** DATA UNDER STUDY follows **
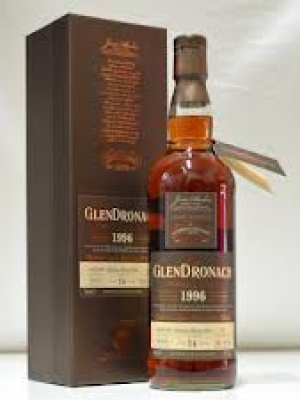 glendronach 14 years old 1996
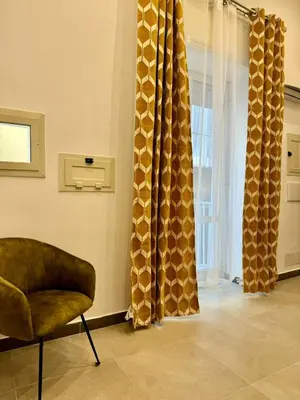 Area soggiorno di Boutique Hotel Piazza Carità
** End of DATA UNDER STUDY **
** DATA UNDER STUDY follows **
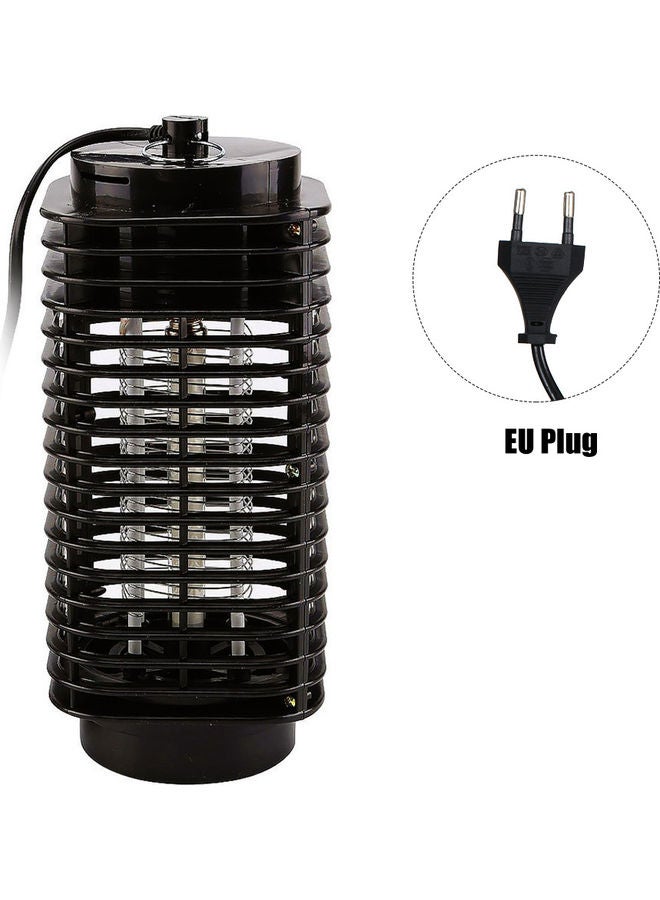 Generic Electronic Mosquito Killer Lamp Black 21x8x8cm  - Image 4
** End of DATA UNDER STUDY **
TASK STATEMENT →
Everything above from the line that has "glendronach 14 years old 1996" down to the line that has "Area soggiorno di" should be output exactly, with both of those lines included. Leave the pictures behind.

FINISHED TASK →
 glendronach 14 years old 1996
 Area soggiorno di Boutique Hotel Piazza Carità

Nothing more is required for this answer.